Start of Records shown
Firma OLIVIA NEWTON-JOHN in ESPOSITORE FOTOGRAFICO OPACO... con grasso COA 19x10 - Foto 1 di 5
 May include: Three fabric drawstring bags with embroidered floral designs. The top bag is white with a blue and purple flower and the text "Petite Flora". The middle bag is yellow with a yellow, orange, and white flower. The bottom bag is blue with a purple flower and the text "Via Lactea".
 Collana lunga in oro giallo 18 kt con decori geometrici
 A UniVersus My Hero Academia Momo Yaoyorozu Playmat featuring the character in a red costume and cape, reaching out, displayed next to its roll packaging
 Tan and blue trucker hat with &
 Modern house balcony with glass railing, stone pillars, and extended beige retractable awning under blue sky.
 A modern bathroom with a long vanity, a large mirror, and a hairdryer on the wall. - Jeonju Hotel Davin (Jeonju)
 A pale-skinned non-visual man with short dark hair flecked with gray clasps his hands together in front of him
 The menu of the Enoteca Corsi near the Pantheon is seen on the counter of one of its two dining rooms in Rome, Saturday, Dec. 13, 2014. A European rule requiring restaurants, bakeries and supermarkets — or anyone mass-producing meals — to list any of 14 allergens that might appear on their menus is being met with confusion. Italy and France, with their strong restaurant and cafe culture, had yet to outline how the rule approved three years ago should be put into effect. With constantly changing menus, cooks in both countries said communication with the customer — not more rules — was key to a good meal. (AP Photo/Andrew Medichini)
End of Records shown
Exercise objective
Type out each entry above again, exactly.

Expected answer
Firma OLIVIA NEWTON-JOHN in ESPOSITORE FOTOGRAFICO OPACO... con grasso COA 19x10 - Foto 1 di 5
 May include: Three fabric drawstring bags with embroidered floral designs. The top bag is white with a blue and purple flower and the text "Petite Flora". The middle bag is yellow with a yellow, orange, and white flower. The bottom bag is blue with a purple flower and the text "Via Lactea".
 Collana lunga in oro giallo 18 kt con decori geometrici
 A UniVersus My Hero Academia Momo Yaoyorozu Playmat featuring the character in a red costume and cape, reaching out, displayed next to its roll packaging
 Tan and blue trucker hat with &
 Modern house balcony with glass railing, stone pillars, and extended beige retractable awning under blue sky.
 A modern bathroom with a long vanity, a large mirror, and a hairdryer on the wall. - Jeonju Hotel Davin (Jeonju)
 A pale-skinned non-visual man with short dark hair flecked with gray clasps his hands together in front of him
 The menu of the Enoteca Corsi near the Pantheon is seen on the counter of one of its two dining rooms in Rome, Saturday, Dec. 13, 2014. A European rule requiring restaurants, bakeries and supermarkets — or anyone mass-producing meals — to list any of 14 allergens that might appear on their menus is being met with confusion. Italy and France, with their strong restaurant and cafe culture, had yet to outline how the rule approved three years ago should be put into effect. With constantly changing menus, cooks in both countries said communication with the customer — not more rules — was key to a good meal. (AP Photo/Andrew Medichini)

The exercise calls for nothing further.